The question to be decided is whether in view of such irregularities, the general election in Cavite with regard to the post of provincial governor should be quashed. Matters of this sort have hitherto been presented to this court for consideration, and have given rise, after mature study and in accordance with precedents, to the following rules upon the quashing of elections in this jurisdiction:chanrob1es virtual 1aw library

1. "When the fraud or intimidation is flagrant and its influence diffusive so that it becomes impossible to separate the good votes from the bad and determine the true result of all the good ballots cast, the returns should be avoided." (Gardiner v. Romulo, 26 Phil., 521.)

2. "Innocent voters should not be deprived of their participation in the affairs of their government for mere irregularities on the part of election officers for which they are in no way responsible." (Lino v. Rodriguez, 39 Phil., 208.)

3. "The rule is so well established that authorities need no longer be cited in its support that whenever the irregularities and frauds are sufficient to defeat the will of the people of the particular municipality or precinct, the entire vote should be rejected and those who are guilty of such frauds and irregularities should be punished to the very limit of the law." (Garchitorena v. Crescini and Imperial, 39 Phil., 258.)

4. "It must now be regarded as settled doctrine of this court that voters shall not be deprived of their votes by the mere failure of the election officers to comply with the formal prerequisites of voting, as for instance, with the requirements that an oath shall be administered to illiterate persons desiring assistance in the preparation of their ballots and that they shall be assisted by two inspectors. In order to justify the rejection of such a vote it must appear that the irregularity, or irregularities, complained of were part of a fraudulent scheme to frustrate the free expression of the desires of the electorate." (Valenzuela v. Carlos and Lopez de Jesus, 42 Phil., 428.)

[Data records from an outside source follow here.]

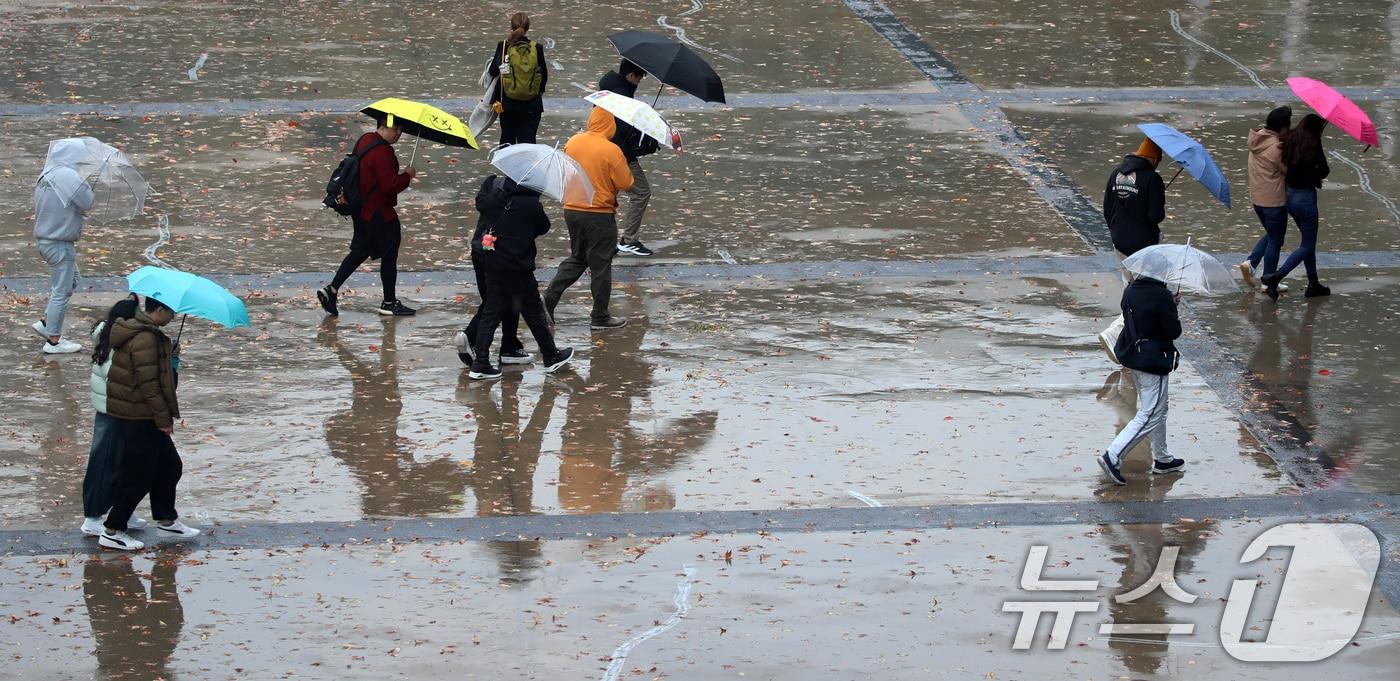 본문 이미지 - 부산 해운대구 벡스코 광장에서 우산을 쓴 시민들이 발걸음을 옮기고 있다. ⓒ News1 윤일지 기자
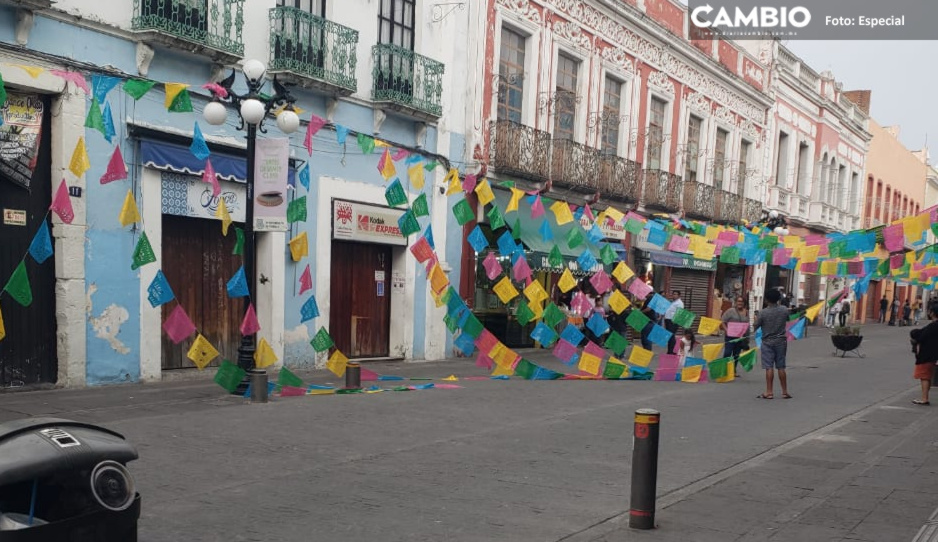 ¡Lo que el viento se llevó! Adornos de Lalo en la calle de los dulces no duraron ni una semana (FOTOS)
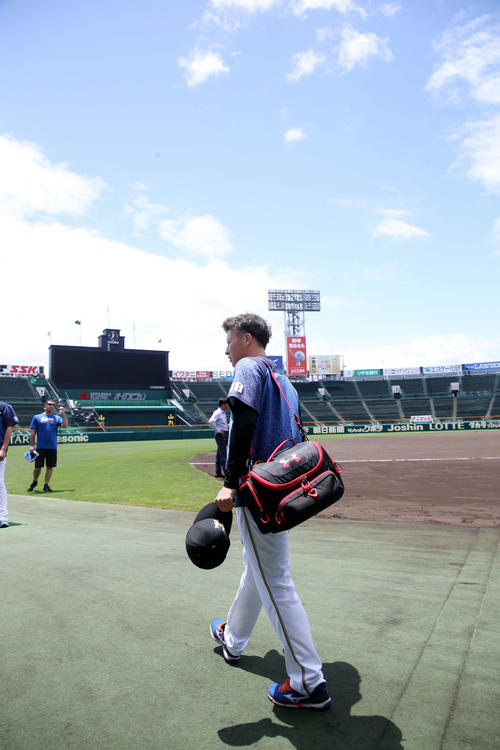 阪神対日本ハム　青空の甲子園球場を歩く吉田（撮影・加藤哉）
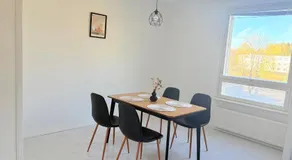 Modern 3 Bedroom Stay with Sauna - Image 5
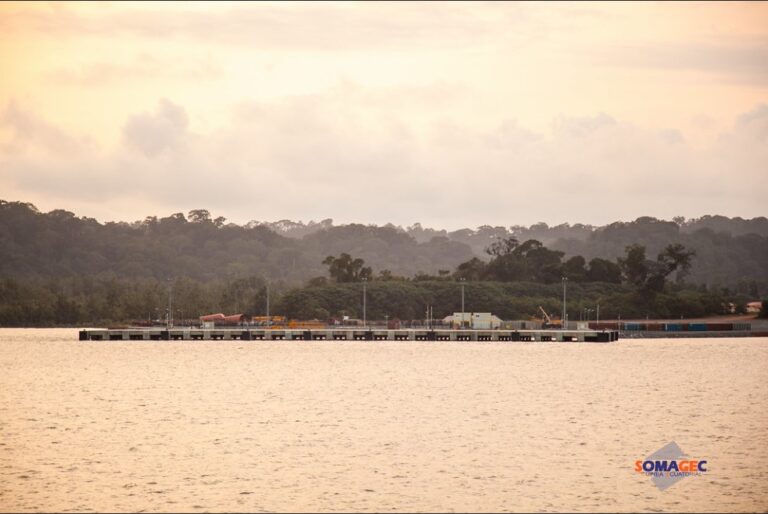 PORT AKONIKI3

5. "Where the evidence shows that in a particular precinct the secrecy of the vote was violated; the booths were not installed in conformity with law, the inspectors entered the booths to electioneer and see what the voters were writing; the will of many voters was defrauded, as they were not allowed to cast their votes freely, but were given ballots already prepared by the inspectors or leaders; where coercion was practiced upon many other voters by the election inspectors by snatching away from them their ballots and tearing them into pieces after reading them; the illiterate voters were not required to take the prescribed oath of their incapacity; the registry lists and the minutes of the election were not properly kept, and, lastly, after the boxes were locked, the municipal secretary opened them and tampered with the ballots and mixed them; the election in said precinct must be annulled, as the intent to defraud the will of the electorate is manifest, and it is impossible to tell with certainty just what was the true result of the election ." (Cailles v. Gomez and Barbaza, 42 Phil., 496.)

6. "When the fraudulent are so mixed up with the legal ballots that the legal cannot be separated from the illegal ballots, and the election returns are not reliable by reason of certain marks thereon, indicating that they have been falsified, the election must be annulled." (Mandac v. Samonte, 49 Phil., 284.)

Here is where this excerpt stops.